Mun spotkał się z Kimem i zyskał na popularności

Poparcie dla prezydenta Korei Płd. Mun Dze Ina, które osiągnęło niedawno rekordowo niski poziom, wzrosło gwałtownie, gdy spotkał się on z przywódcą Korei Płn. Kim Dzong Unem na szczycie w Pjongjangu – wskazują opublikowane w piątek wyniki sondażu.

Wskaźnik poparcia dla polityki Mun Dze Ina wzrósł od ostatniego tygodnia o 11 punktów procentowych, do 61 proc. - pokazuje badanie opinii publicznej przeprowadzone przez firmę Gallup Korea od wtorku do czwartku. W ankiecie wzięło udział 1001 respondentów.

W tych samych dniach Mun przebywał w Pjongjangu, gdzie po raz trzeci w tym roku spotkał się z Kimem. Szczyt przyniósł postępy w procesie pokojowym, w tym zapowiedź konkretnych kroków w kierunku denuklearyzacji Półwyspu Koreańskiego, uzależnioną jednak od działań USA.

Krok w dobrą stronę, ale nie skok naprzód

Wzrost popularności Muna "można uznać za efekt trzeciego szczytu koreańskiego" - ocenił Gallup Korea. Sondażownia dodała, że większa niż dawniej liczba badanych wskazywała na kwestie związane z Koreą Płn. jako powody poparcia dla prezydenta Korei Płd.Ekspert w sprawach koreańskich z Uniwersytetu Lingnan w Hongkongu Brian Bridges ocenił, że wspólna deklaracja jest wprawdzie krokiem w dobrą stronę, ale nie "skokiem naprzód", jak przedstawiają to sami uczestnicy szczytu.

Według Bridgesa Kim zdawał sobie sprawę ze spadającego poparcia społecznego dla Muna, który z tego powodu był raczej skłonny szukać "szybkiego wyjścia" niż "twardo negocjować na kontrowersyjne tematy, takie jak denuklearyzacja".

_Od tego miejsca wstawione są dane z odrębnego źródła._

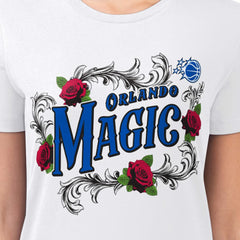 Orlando Magic G-III 4Her by Carl Banks Women's Super-Slim Fit Lightweight Roses Crew Neck T-Shirt White - NBA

Ośrodek nuklearny do zamknięcia, ale są warunki

We wspólnym oświadczeniu podpisanym przez Muna i Kima w Pjongjangu północnokoreański przywódca zobowiązał się m.in. do likwidacji pod nadzorem zagranicznych ekspertów ośrodka testów silników rakietowych Tongczang-ri. Obiecał również zamknięcie ośrodka badań jądrowych Jongbjon, który wykorzystywany był w programie zbrojeń nuklearnych.Likwidację ośrodka nuklearnego uzależniono jednak od odwzajemniających działań ze strony USA, przy czym nie określono konkretnie, jakie to mają być działania. W dokumencie napisano jedynie, że chodzi o "analogiczne środki zgodne z duchem wspólnego oświadczenia ze szczytu Korea Płn.-USA z 12 czerwca" w Singapurze.

Podczas czerwcowego spotkania z prezydentem USA Donaldem Trumpem Kim zadeklarował gotowość do denuklearyzacji w zamian za obietnicę gwarancji bezpieczeństwa dla swego kraju. Trump ogłosił wówczas wstrzymanie wspólnych amerykańsko-południowokoreańskich manewrów wojskowych, które od dawna irytowały Pjongjang.

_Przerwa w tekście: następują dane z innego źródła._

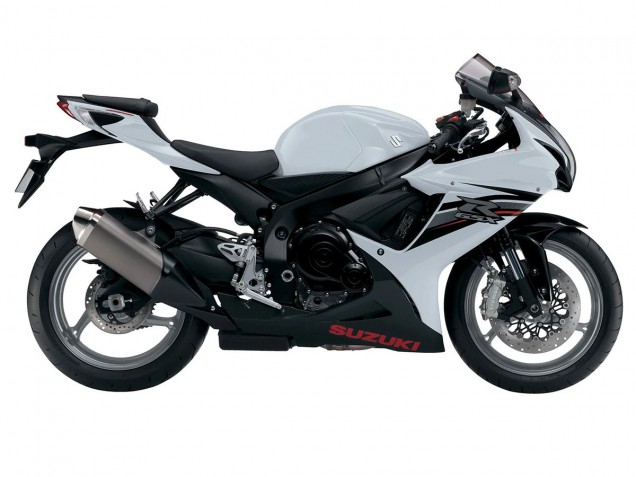2011-2024 Suzuki GSXR 600/750 Motorcycle Fairings - White Black Australia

"Denuklearyzacja musi być pierwsza"

Głównym efektem wizyty Muna w Pjongjangu było przełamanie impasu w negocjacjach nuklearnych pomiędzy Koreą Północną a USA. Początkowo wydawało się, że cel ten został osiągnięty. Sekretarz stanu USA poinformował w środę, że Stany Zjednoczone są gotowe do natychmiastowego wznowienia rozmów z Koreą Płn., by przeprowadzić denuklearyzację do stycznia 2021 roku.Jednak dzień później amerykańska dyplomacja odrzuciła możliwość jakichkolwiek ustępstw przed likwidacją północnokoreańskiego programu jądrowego. - Nic nie może się wydarzyć przed denuklearyzacją. Denuklearyzacja musi być pierwsza - oświadczyła rzeczniczka Departamentu Stanu Heather Nauert. Zaznaczyła, że "sankcje muszą nadal być stosowane".Władze Korei Płn. naciskały na złagodzenie międzynarodowych sankcji gospodarczych twierdząc, że okazały już "dobrą wolę", likwidując poligon nuklearny i odsyłając szczątki amerykańskich żołnierzy poległych w czasie wojny koreańskiej w latach 1950-1953. USA żądają jednak najpierw "całkowitej, możliwej do zweryfikowania i nieodwracalnej denuklearyzacji" Korei Płn.